By Mary Ellen Polson
Conventional water heaters consume as much as 20 percent of your home’s energy budget. New federal energy mandates now require greater efficiency for nearly all residential heaters, regardless of fuel. While most tankless systems already exceed the new standards, others are catching up, especially condensing and hybrid water heaters.
The size of the house, the number of people in the household, the type of power available (gas or electric, for example), and climate considerations all have a bearing on heating options for hot water. That said, the most important factor in choosing a new heater is the first-hour rating (FHR) for storage-tank water heaters and the gallons-per-minute rating (GPM) for tankless water heaters.
In essence, these ratings tell you how quickly you’ll run out of hot water when multiple users are draining the taps.
A professional can help you estimate what FHR or GPM your household needs. For a storage unit, you’ll also need to know the recovery rate—how fast the heater can replenish water as it’s drawn from the tank. In most cases, this will depend on the burner size (in BTUs) and heat-transfer efficiency.
Another important consideration is the energy factor (EF), a measure of the amount of hot water produced per unit of fuel consumed over a typical day. While a high EF is desirable, it doesn’t necessarily mean that the option with the highest EF will be most cost efficient. That will depend on your climate and how and when you typically use hot water. For more information on estimating costs and efficiency, see energy.gov/energysaver/selecting-new-water-heater.
STORAGE TANK The most familiar household water heater is a 50-gallon insulated tank that heats and stores water. (Larger and smaller size tanks are also available.) Newer models offer better tank insulation and higher ER ratings.
Pros They cost only a few hundred dollars each, and can be installed by a plumber in just a couple of hours. They’re most efficient when powered by natural or LP gas.
Cons Keeping water in the tank hot on standby means higher overall energy consumption and costs. It’s still possible to deplete all the hot water at one time, too, if too many people are drawing it down at the same time.
HEAT PUMP/HYBRID Heat pump and hybrid water heaters pull heat out of warm air in an uncooled space like a garage or attic to heat hot water.
Pros Ideal in temperate to warm climates, hybrids use about 60 percent less energy than standard electric water heaters.

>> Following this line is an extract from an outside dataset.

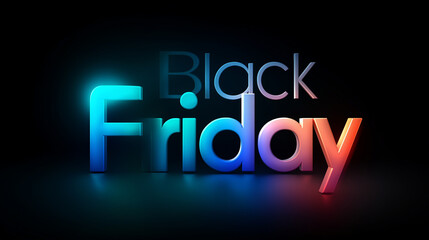 Black Friday Schriftzug in leuchtender Neonoptik mit bunten Farbverläufen auf schwarzem Hintergrund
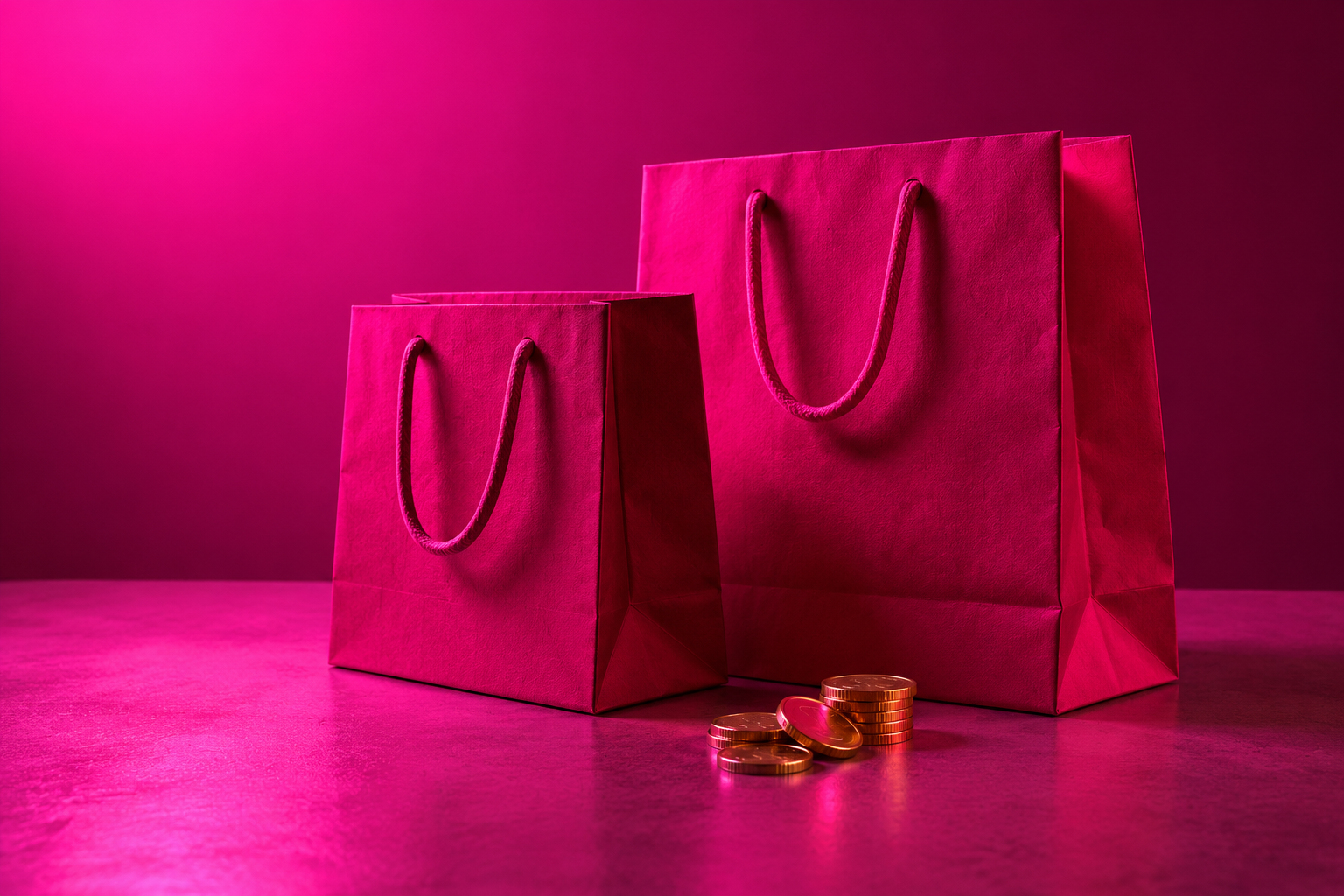 Shopping bags and gold coins in magenta light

They’re slightly more expensive than standard tank heaters.
Cons Hybrids require up to 1,000 cubic feet of space to work properly.
TANKLESS/ON-DEMAND Rather than storing water, a tankless water heater fires up the heating unit when the demand is made.
Pros Tankless units are usually smaller and more compact that storage tank heaters. They are significantly more fuel efficient, especially when powered by gas.
Cons Tankless water heaters usually require significantly higher set-up costs (thousands of dollars instead of hundreds) due to requirements for larger gas lines and the installation of flues.
A condensing heater captures hot combustion gases that are normally vented out of a standard unit and routes them to a series of sealed coils. Water flows around the coils, collecting most of the heat before the cooled gases are finally exhausted.
Pros Condensing water heaters can be more energy efficient than many tankless water heaters, and cheaper to install.
Cons Condensing units are more expensive than conventional heaters, and can only be used in homes with natural or LP gas.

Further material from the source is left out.